The stock was priced at $6.50 by the Wall Street behemoth. Monday's closing price for Oscar was $10.46, down 4%.
Goldman Sachs was, ironically, the principal underwriter for the healthcare platform's initial public offering. Morgan Stanley, Wells Fargo, BofA, Credit Suisse, and Allen & Company all had investment banking units advising the company. The public sale earned $1.2 billion for the tech-based health insurer.
The stock debuted on the New York Stock Exchange on March 4 at a price lower than its issue price of $39. It reached a high of $37 twice that month before never returning to that level.

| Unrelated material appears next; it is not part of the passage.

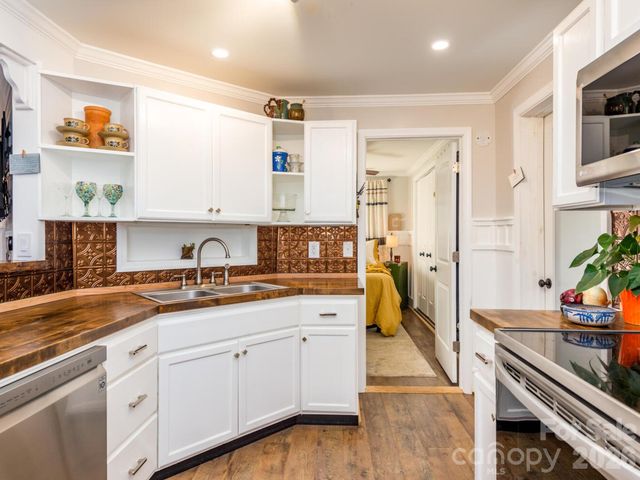 29 White Oak Road, Arden, NC 28704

Oscar's firm, like many tech-based platforms, has continued to lose money as profits remain elusive. Last month, the company recorded a loss of roughly $212 million for the quarter ending in September, more than twice as much as the previous year's quarter. In each of the year's three quarters, it has posted losses.
According to data collated by a major newswire, more than 130 technology IPOs raised more than $60 billion in the United States this year, setting new highs in both metrics. According to the wire agency, they made up nearly a third of the whole IPO market, excluding special purpose acquisition firms and direct listings.
The gains of most IPOs have been wiped out by recent market volatility, putting the chances of those expected to join the market in the coming months in jeopardy.